◆ **The input**:
========================================
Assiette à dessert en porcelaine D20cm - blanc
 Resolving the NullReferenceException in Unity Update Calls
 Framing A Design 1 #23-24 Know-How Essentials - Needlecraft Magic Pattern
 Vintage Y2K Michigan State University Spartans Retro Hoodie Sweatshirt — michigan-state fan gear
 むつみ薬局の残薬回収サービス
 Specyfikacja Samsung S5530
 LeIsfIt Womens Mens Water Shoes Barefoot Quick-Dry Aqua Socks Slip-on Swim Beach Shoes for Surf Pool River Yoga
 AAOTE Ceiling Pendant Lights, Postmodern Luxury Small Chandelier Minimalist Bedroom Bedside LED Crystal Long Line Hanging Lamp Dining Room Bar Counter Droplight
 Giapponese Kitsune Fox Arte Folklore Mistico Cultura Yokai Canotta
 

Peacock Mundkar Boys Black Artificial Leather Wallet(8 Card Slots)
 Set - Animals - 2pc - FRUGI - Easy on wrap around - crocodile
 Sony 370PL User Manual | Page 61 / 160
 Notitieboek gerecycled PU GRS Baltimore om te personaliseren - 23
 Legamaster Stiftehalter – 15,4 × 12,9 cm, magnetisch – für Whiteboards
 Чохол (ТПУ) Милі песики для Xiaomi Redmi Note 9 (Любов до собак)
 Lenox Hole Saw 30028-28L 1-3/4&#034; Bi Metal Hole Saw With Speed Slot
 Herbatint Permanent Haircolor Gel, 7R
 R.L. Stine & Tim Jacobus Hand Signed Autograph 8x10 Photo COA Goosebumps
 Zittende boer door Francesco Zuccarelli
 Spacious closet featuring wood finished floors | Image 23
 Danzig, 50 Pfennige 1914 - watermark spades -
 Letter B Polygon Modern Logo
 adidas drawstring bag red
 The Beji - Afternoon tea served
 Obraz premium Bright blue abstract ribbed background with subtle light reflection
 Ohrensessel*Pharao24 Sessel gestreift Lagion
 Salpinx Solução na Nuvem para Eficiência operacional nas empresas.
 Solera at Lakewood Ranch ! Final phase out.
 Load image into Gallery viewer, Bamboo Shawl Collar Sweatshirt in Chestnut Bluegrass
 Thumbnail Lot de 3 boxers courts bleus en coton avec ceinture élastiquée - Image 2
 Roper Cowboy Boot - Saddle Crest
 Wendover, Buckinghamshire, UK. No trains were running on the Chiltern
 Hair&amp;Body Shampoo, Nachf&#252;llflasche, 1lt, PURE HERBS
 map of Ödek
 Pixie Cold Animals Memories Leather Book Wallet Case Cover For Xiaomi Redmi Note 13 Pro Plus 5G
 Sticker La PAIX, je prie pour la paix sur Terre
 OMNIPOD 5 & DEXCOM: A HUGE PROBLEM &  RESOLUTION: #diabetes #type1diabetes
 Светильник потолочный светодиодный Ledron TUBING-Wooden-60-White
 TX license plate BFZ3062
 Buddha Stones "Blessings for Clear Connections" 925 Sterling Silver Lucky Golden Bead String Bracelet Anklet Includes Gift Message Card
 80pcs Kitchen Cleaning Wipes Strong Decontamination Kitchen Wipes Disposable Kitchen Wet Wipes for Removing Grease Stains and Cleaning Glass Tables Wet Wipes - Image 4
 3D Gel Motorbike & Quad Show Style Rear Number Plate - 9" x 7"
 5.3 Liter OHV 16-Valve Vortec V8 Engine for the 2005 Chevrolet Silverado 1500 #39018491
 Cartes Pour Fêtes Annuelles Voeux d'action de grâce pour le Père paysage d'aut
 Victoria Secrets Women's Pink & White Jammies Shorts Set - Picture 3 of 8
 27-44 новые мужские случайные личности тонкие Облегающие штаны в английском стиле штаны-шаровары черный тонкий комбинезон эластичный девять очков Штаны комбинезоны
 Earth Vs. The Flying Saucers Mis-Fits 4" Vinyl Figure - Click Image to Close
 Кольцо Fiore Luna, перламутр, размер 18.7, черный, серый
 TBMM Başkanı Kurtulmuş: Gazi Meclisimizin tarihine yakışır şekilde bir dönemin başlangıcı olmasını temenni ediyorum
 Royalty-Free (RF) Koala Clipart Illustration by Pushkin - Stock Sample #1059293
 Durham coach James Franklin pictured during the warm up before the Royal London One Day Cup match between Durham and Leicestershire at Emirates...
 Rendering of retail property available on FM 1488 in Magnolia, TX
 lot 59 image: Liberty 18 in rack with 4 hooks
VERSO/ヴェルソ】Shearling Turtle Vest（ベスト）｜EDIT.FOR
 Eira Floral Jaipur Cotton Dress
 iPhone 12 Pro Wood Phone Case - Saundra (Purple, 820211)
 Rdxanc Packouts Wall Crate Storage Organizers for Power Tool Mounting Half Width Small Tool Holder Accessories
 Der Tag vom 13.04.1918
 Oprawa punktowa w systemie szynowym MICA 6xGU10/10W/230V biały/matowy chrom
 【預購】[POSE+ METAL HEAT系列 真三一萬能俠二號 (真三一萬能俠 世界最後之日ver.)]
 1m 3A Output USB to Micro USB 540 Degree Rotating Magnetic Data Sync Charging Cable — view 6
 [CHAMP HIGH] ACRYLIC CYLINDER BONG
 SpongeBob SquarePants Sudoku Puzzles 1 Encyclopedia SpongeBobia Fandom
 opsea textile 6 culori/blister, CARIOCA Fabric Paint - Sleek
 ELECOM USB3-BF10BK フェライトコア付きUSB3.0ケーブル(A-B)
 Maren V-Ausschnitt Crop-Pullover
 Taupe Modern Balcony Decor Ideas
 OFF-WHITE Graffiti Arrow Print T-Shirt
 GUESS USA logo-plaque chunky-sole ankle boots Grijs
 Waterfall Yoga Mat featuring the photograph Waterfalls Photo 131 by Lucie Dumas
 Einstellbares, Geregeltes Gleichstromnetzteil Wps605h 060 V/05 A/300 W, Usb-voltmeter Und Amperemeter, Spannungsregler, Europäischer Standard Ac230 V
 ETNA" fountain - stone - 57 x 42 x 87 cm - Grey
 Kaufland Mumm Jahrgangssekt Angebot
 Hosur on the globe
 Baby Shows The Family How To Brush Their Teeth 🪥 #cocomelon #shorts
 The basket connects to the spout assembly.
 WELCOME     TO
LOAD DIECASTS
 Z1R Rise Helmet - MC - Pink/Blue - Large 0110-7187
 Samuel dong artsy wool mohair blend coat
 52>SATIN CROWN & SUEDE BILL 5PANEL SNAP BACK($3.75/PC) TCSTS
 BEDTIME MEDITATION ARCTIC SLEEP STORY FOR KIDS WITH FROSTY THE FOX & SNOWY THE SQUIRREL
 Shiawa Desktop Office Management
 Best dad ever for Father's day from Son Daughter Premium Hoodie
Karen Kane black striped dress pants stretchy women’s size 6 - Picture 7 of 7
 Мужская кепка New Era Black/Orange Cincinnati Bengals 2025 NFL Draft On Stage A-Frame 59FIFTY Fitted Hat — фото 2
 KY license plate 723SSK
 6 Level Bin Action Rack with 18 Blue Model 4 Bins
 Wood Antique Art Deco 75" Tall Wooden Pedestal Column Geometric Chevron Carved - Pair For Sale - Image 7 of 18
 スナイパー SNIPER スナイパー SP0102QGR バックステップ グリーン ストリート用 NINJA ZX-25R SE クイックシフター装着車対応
========================================
◆ **Action item**:
Show all lines from the listing above in which "Yoga" appears.

◆ **Solved exercise**:
 LeIsfIt Womens Mens Water Shoes Barefoot Quick-Dry Aqua Socks Slip-on Swim Beach Shoes for Surf Pool River Yoga
 Waterfall Yoga Mat featuring the photograph Waterfalls Photo 131 by Lucie Dumas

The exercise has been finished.